Second, find some local pigeon people in SR. There must be a club in your area and among them are people who keep pigeons in the city. If any one knows the rules they will. I think the AU Racing site can tell you the names of clubs near you where you can find pigeon people. Might be an all breeds club near you as well.

Go to the county recorders office. They will have the information on the size of your property. Can't recall if SR or Sonoma is your county seat. You might have to make a run over to Sonoma if there isn't a local office in SR.

Don't get rid of a single bird until your find out what your rights really are. As far as the neighbor, if she starts calling, tell her if she keeps it up you are going to sue her for harrassment and that you are recording her calls to turn over to the authorities.

The birds are not a nuisance. They do not go on to or impact her property. They do not violate the noise ordinance I'm sure. I have about forty and forty pigeons are NOT loud.
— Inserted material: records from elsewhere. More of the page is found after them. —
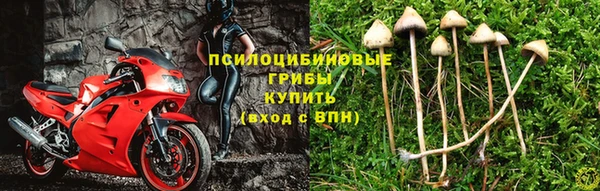 spice Вязники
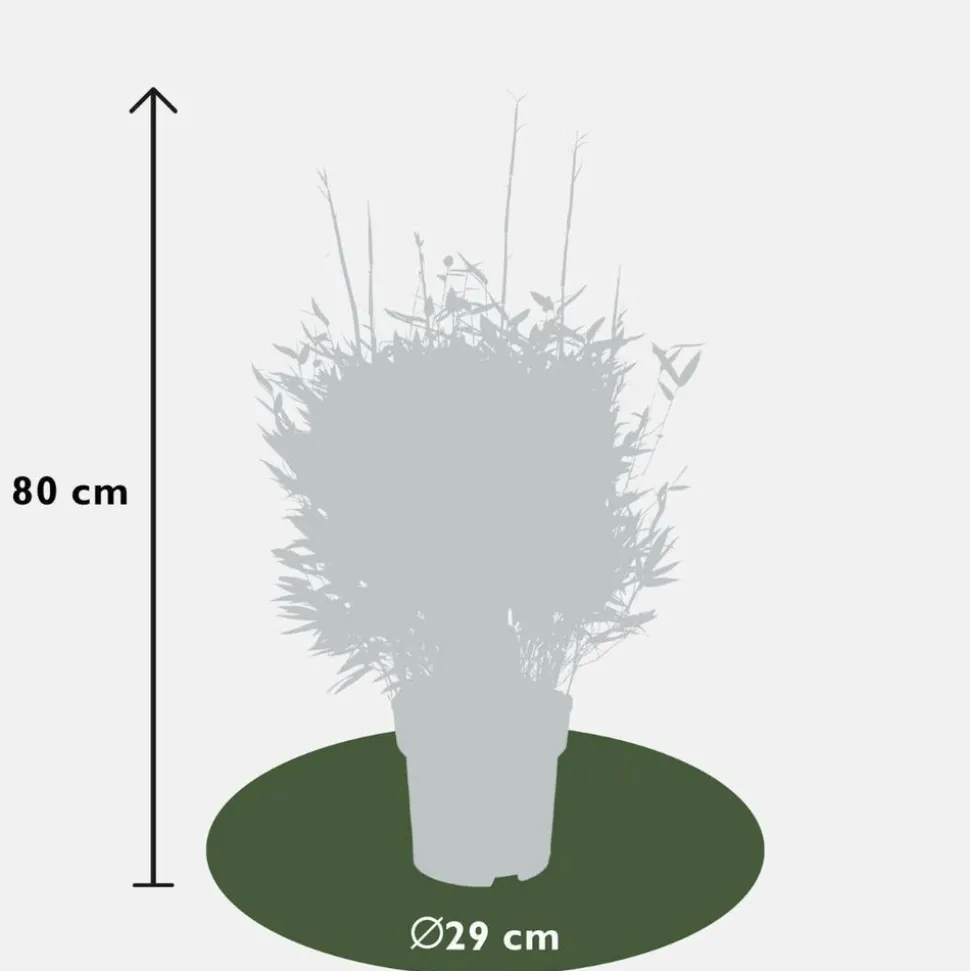 LA GREEN TOUCH - Bambou fargesia 'moontears' pot ø 29 cm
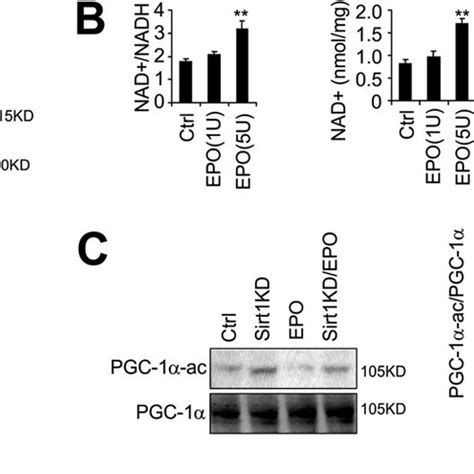 Gata And Tal Retard Myogenic Differentiation Increase Epo Signal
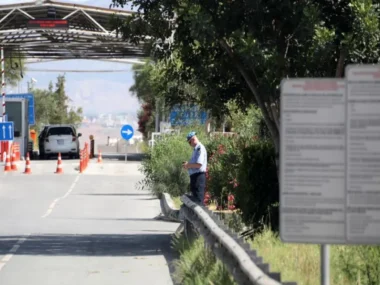 782242-large_thumbnail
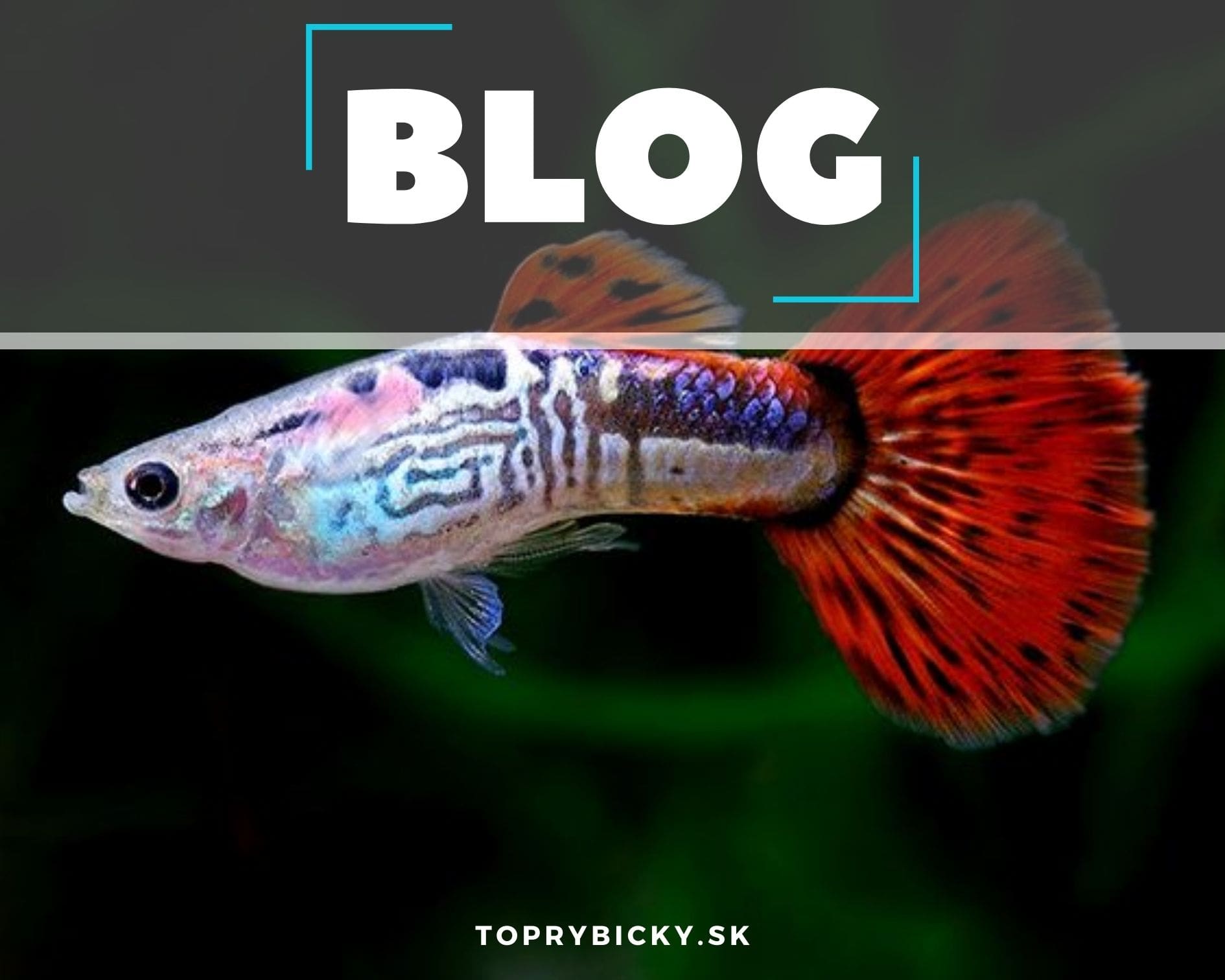 Gupky vdýchnu akváriu život!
Grrrrrr. I'm really annoyed at the gall of this neighbor. As far as the cats, hide em if anyone comes snooping around. And the city can't just march on to your property cause they feel like it.

Keep us notified and keep your chin up.

Hugs, Margaret


----------



## Victor (Dec 18, 2004)

*Goodness, I just read this too! We are all with you Maryjane, and Margaret, I second that motion!*


----------



## TAWhatley (Mar 6, 2001)

I'm so sorry this is happening, MJ. I've had neighbor trouble a couple of times and managed to keep my birds here .. mostly because this one neighbor is pretty much an a** and annoys just about everyone and also because the city and county know me and appreciate that I regularly bail them out by taking so many calls and birds from the public. If it weren't for the city and county "backing" me, I would be done for as it would be very difficult (if not impossible) for me to meet primarily the requirement for how far away from neighbors the birds/animals have to be as well as the number of critters that are here.

I would suggest that you really, really research and do your homework about the ordinances. If you do end up talking with the city and/or county, you are likely to find that the person you are talking with has no real clue about what is really in the ordinances. 

I had a code enforcement officer stop by a year or so ago to tell me that a neighbor had complained about the noise that Lucas (cockatoo) makes. I knew for a fact that there was no code regarding parrot noise and only a general noise ordinance, and when I "challenged" the man on the fact that there is no parrot ordinance and that the noise Lucas makes does not come even close to the decibel level in the noise ordinance, the officer just kind of shrugged and left.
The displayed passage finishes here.